The fire departments do respond. And sometimes while they are fighting a fire they are shot at.

A fire builds up really quickly and by the time you're there the house is often a loss. Maybe a kitchen fire that stays in the kitchen will result in smoke damage.

If you have a rental property, 70% of Detroiters are renters. And you know you cannot get it sold because it's a dump, the scam thing to do as reported in the papers is to set it on fire as the owner yourself. This has been done and it's hard to say how many of these were just burnt by the owners who couldn't move it.

Also squatters, will use space heaters or some unsafe method to heat the place, and that will result in a fire.

A friend talking to an older Detroit Firefighter said to him, "why do you do it? Why fight fires when you may even be shot at while doing your job?" The guy said, "hey I have a lot of years in and hope to retire, I'm to old now to quit." After a while you can get locked into any job, even a bad one.

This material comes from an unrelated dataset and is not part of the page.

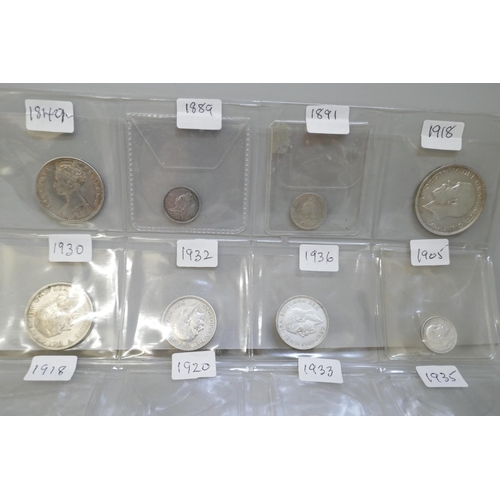 7252 - Coins; a collection of Great Britain silver coins, including; 1849 florin, 1918 half crown, 1930 flo... 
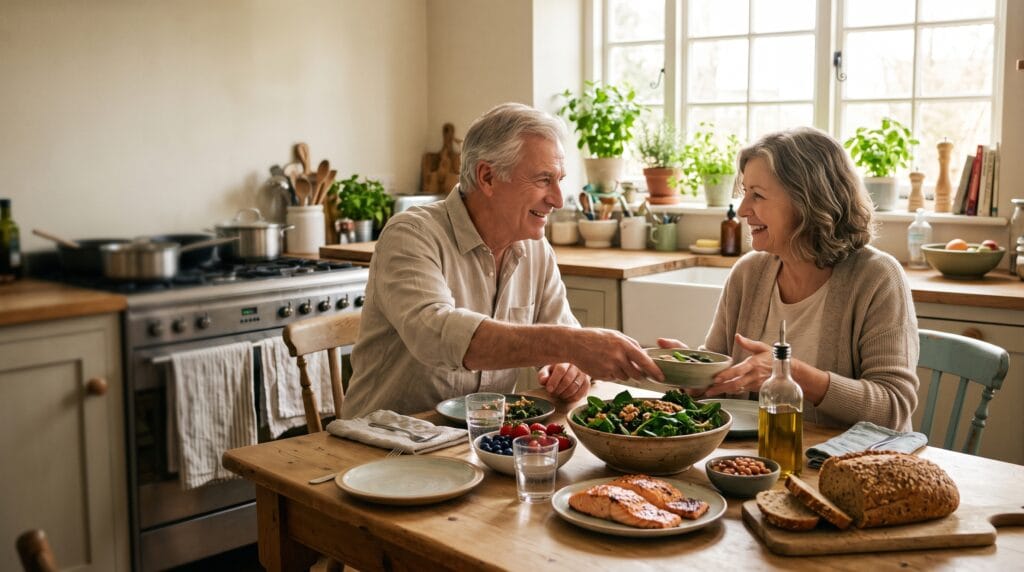 MIND Diet dementia older couple kitchen table eating healthy meal v2 - True Wealth Health Products Hold a couple in a healthy meal at a kitchen table.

The inertia of the job and the years on it, and yearning for retirement locks people in.

yooper said...

You bet Greg! I suppose there are many "locked in" with Detroit. Do you suppose, that as those people who find themselves in this situation retire, or finally move, or die will be replaced?

Those that do have an invested interest are becoming "far and few" between. That, and maybe that alone may play the biggest part in Detroit's decline? That process is called, "Catabolic Collapse".